| THE TASK |
Keeping every word the same, return the listing from its first line until the line holding "Koncert XX-lecie zespołu." has been returned as well.

:::::

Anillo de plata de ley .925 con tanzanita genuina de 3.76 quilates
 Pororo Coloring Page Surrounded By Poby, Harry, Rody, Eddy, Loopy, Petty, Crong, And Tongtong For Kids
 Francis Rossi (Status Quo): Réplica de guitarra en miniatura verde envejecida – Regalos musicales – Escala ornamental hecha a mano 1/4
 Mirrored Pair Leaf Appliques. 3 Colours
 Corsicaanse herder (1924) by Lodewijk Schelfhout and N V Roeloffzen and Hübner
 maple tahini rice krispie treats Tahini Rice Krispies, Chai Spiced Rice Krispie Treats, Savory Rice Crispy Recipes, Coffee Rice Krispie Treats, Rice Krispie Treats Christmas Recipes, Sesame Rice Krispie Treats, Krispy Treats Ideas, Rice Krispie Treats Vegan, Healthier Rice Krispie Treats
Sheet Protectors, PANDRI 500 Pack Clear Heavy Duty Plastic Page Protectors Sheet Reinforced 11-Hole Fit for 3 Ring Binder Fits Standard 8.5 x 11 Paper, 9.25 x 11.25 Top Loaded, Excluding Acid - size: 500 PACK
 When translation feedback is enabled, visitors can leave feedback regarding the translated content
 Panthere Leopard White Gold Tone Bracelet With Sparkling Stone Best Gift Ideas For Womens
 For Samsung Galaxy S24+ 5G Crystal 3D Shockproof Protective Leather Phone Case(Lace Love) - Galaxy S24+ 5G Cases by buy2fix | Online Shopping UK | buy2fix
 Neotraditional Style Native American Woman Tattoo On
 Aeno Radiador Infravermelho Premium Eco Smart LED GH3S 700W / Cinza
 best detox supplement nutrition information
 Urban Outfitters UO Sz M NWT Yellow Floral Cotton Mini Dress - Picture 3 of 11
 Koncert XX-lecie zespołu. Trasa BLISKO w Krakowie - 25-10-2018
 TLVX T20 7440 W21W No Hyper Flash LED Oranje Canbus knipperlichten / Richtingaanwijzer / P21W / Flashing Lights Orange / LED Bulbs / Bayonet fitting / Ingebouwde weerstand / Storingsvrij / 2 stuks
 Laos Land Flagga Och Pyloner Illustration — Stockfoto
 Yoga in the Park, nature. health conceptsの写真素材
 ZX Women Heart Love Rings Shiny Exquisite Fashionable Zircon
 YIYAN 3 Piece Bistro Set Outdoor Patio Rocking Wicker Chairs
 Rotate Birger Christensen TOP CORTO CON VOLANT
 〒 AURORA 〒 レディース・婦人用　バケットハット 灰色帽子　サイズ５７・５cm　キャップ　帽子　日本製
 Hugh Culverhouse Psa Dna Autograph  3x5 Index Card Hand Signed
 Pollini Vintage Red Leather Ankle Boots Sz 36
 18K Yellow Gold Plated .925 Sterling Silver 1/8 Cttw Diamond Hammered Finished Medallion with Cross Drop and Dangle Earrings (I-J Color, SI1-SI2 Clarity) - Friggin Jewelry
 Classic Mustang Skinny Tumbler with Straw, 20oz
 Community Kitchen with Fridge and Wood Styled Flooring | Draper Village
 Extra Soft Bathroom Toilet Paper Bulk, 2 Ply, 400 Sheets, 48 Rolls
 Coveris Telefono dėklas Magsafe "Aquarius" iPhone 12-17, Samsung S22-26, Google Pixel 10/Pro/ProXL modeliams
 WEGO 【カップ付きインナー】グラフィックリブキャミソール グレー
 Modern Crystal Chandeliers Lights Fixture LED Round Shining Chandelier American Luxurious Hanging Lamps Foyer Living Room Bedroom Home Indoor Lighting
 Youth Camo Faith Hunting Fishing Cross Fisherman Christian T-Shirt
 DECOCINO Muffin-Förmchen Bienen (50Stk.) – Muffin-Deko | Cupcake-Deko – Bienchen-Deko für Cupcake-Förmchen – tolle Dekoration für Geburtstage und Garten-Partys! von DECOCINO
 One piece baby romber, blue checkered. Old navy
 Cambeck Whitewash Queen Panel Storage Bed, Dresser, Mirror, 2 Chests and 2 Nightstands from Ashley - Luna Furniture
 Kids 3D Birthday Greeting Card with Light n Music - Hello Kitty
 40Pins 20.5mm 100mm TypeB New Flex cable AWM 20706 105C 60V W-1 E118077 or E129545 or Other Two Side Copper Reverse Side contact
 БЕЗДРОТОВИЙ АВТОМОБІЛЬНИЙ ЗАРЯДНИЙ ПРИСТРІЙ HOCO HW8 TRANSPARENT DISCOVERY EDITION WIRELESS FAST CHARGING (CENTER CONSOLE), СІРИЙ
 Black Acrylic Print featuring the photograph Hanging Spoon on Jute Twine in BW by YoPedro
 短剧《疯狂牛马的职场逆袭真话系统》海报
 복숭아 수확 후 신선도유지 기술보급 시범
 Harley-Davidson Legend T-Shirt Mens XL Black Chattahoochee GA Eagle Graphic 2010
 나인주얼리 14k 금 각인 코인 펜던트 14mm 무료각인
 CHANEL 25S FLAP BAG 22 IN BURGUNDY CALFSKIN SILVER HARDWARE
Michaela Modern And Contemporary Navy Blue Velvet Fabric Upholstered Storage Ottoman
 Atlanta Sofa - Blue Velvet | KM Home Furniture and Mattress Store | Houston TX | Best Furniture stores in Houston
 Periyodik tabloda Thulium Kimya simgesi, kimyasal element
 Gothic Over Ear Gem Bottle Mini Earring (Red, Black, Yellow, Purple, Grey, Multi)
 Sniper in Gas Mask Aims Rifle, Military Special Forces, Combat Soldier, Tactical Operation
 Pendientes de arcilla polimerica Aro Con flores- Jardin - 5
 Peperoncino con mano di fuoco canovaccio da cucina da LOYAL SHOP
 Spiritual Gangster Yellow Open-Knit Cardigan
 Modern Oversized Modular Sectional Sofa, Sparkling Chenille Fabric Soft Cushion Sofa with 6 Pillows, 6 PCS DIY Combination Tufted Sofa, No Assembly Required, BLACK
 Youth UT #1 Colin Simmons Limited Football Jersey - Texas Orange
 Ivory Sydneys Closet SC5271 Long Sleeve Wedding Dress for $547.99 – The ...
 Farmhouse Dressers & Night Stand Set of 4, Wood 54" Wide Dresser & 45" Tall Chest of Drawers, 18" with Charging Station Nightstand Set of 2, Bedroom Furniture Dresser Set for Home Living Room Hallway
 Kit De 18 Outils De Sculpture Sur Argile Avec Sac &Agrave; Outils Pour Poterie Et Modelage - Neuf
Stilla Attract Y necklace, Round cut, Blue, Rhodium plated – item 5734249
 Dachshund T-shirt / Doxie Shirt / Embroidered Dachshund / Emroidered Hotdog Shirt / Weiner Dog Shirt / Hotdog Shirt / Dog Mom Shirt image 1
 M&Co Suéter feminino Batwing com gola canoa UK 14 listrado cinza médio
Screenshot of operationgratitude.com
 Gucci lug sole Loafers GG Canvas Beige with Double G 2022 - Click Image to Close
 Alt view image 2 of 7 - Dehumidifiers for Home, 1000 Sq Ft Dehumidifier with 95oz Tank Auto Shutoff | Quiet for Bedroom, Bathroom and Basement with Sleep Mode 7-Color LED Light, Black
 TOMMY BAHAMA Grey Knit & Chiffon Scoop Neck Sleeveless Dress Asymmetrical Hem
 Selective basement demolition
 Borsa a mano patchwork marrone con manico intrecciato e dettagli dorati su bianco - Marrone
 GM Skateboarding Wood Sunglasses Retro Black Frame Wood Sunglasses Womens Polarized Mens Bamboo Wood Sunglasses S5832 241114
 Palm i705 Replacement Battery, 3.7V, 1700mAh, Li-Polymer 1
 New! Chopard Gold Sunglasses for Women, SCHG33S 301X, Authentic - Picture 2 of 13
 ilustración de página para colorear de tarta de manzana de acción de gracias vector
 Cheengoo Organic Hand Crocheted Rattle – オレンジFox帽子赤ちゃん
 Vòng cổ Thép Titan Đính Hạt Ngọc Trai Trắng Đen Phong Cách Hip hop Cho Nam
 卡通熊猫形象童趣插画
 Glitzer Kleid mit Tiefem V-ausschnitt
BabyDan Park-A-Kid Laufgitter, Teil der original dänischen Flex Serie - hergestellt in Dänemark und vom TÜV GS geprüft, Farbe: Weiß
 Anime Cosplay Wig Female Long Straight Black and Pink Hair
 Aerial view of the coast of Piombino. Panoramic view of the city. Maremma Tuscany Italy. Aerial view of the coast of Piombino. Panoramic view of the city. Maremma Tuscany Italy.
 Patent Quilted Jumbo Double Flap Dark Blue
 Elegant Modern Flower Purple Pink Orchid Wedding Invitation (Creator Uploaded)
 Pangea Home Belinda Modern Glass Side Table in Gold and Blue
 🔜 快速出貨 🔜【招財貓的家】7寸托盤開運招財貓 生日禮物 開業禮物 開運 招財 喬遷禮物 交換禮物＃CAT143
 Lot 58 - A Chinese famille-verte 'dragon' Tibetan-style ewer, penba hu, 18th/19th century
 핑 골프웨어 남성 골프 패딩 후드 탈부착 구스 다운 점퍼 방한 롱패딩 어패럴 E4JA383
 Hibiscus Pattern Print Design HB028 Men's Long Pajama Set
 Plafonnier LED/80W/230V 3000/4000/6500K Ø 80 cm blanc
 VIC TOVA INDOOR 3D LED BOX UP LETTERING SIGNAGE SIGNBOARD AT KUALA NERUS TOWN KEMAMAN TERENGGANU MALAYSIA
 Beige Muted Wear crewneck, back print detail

:::::

| RESULT OF THIS EXERCISE |
Anillo de plata de ley .925 con tanzanita genuina de 3.76 quilates
 Pororo Coloring Page Surrounded By Poby, Harry, Rody, Eddy, Loopy, Petty, Crong, And Tongtong For Kids
 Francis Rossi (Status Quo): Réplica de guitarra en miniatura verde envejecida – Regalos musicales – Escala ornamental hecha a mano 1/4
 Mirrored Pair Leaf Appliques. 3 Colours
 Corsicaanse herder (1924) by Lodewijk Schelfhout and N V Roeloffzen and Hübner
 maple tahini rice krispie treats Tahini Rice Krispies, Chai Spiced Rice Krispie Treats, Savory Rice Crispy Recipes, Coffee Rice Krispie Treats, Rice Krispie Treats Christmas Recipes, Sesame Rice Krispie Treats, Krispy Treats Ideas, Rice Krispie Treats Vegan, Healthier Rice Krispie Treats
Sheet Protectors, PANDRI 500 Pack Clear Heavy Duty Plastic Page Protectors Sheet Reinforced 11-Hole Fit for 3 Ring Binder Fits Standard 8.5 x 11 Paper, 9.25 x 11.25 Top Loaded, Excluding Acid - size: 500 PACK
 When translation feedback is enabled, visitors can leave feedback regarding the translated content
 Panthere Leopard White Gold Tone Bracelet With Sparkling Stone Best Gift Ideas For Womens
 For Samsung Galaxy S24+ 5G Crystal 3D Shockproof Protective Leather Phone Case(Lace Love) - Galaxy S24+ 5G Cases by buy2fix | Online Shopping UK | buy2fix
 Neotraditional Style Native American Woman Tattoo On
 Aeno Radiador Infravermelho Premium Eco Smart LED GH3S 700W / Cinza
 best detox supplement nutrition information
 Urban Outfitters UO Sz M NWT Yellow Floral Cotton Mini Dress - Picture 3 of 11
 Koncert XX-lecie zespołu. Trasa BLISKO w Krakowie - 25-10-2018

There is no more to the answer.